Ghosts and Empty Sockets

Looking back at Paul Simon, Graceland and the end of apartheid

by Gordon Campbell

Even though there is strong circumstantial evidence that Paul Simon is an arrogant prick, its hard to be a simple hater of someone who could write a lyric like say, this one :

Side by side
They fell asleep
Decades gliding by like Indians
Time is cheap….

Or plenty of other Simon songs that come to mind. By now, two and a half decades have glided on by since Graceland was first released. A special 25th anniversary edition has recently been issued, and several of the South African musicians involved will be going on tour with Simon again next month, this time to Britain. In the World Cinema Showcase festival earlier this year, New Zealanders also got a chance to see Joe Berlinger’s documentary Under African Skies, which revisits the controversy about how in making the album, Simon broke the UN cultural boycott then in place against the apartheid regime. By and large, the Berlinger film confirms that (a) Simon is still a prick, and that (b) Graceland is still a great album.

Do we need to like artists in order to like their art? Hardly. Beethoven would never have won any popularity contests either, but with some others it is not such a straightforward question to answer. Speaking personally, the circumstances of the death of (at least) one of the wives of Jerry Lee Lewis have made it impossible to listen to his music with the same pleasure, and ditto goes for Phil Spector after he murdered Lana Clarkson. Obviously, Simon is nowhere near as extreme a case, yet some misgivings still endure. As reviewers have noted, the Berlinger documentary didn’t touch at all on the question of whether, on the “All Around The World/ Myth of Fingerprints” track, Simon may have culpably borrowed the track’s foundation from Los Lobos without proper attribution, let alone adequate compensation.

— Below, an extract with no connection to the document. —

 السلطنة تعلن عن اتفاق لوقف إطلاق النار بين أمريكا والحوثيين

Steve Berlin of Los Lobos is on record, as recently as 2006, still sounding highly pissed off about the experience. Here’s Berlin’s account of working on Graceland in an interview on the Jambase site, and his version (and Simon’s response) are both worth reading in full. If only because the modus operandi that Berlin describes does seem consistent with how many of the other Graceland tracks were assembled, bit by bit, from what were essentially studio jams :

Steve Berlin : Oh, I have plenty of recollections of working on [Graceland.] I don’t know if you heard the stories, but it was not a pleasant deal for us. I mean he [Simon] quite literally — and in no way do I exaggerate when I say — he stole the songs from us….And you know, going into it, I had an enormous amount of respect for the guy. The early records were amazing, I loved his solo records, and I truly thought he was one of the greatest gifts to American music that there was.

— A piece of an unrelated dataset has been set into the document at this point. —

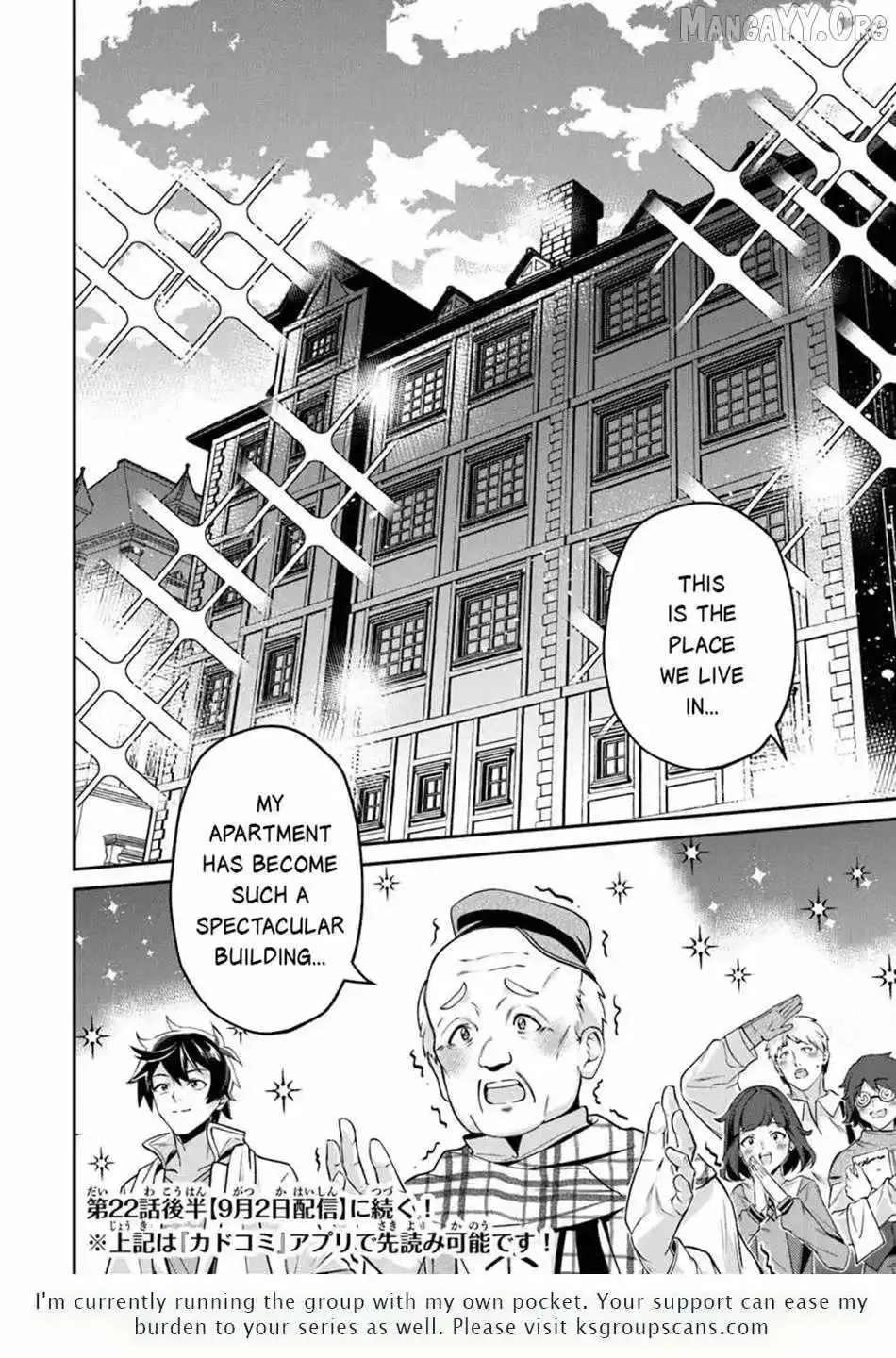 The Cheat Vegetable Garden of a Reincarnated Company Salaryman: Making Full Use of My All-Purpose Skills and Handy Fairy Messenger, I Found Myself With the Largest Production Base on the Continent! Chapter 22.1 page 15 -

At the time, we were high on the musical food chain. Paul had just come off One Trick Pony and was kind of floundering. People forget, before Graceland, he was viewed as a colossal failure. He was low. So when we were approached to do it, I was a way bigger fan than anybody else in the band. We got approached by Lenny Waronker and Mo Ostin who ran our record company [Warner Bros.], and this is the way these guys would talk — “It would mean a lot to the family if you guys would do this for us.” And we thought, “Ok well, it’s for the family, so we’ll do it.” It sounds so unbelievably naïve and ridiculous that that would be enough of a reason to go to the studio with him. We go into the studio, and he had quite literally nothing. I mean, he had no ideas, no concepts, and said, “Well, let’s just jam.” We said, “We don’t really do that.” … Not by accident, not even at soundcheck. We would always just play a song.

… Paul was a very strange guy. Paul’s engineer [Roy Halee] was even stranger than Paul, and he just seemed to have no clue — no focus, no design, no real nothing. He had just done a few of the African songs that hadn’t become songs yet. Those were literally jams. Or what the world came to know and I don’t think really got exposed enough, is that those are actually songs by a lot of those artists that he just approved of. So that’s kind of what he was doing. It was a very patrician, material sort of viewpoint. Like, because I’m gonna put my stamp on it, they’re now my songs. But that’s literally how he approached this stuff.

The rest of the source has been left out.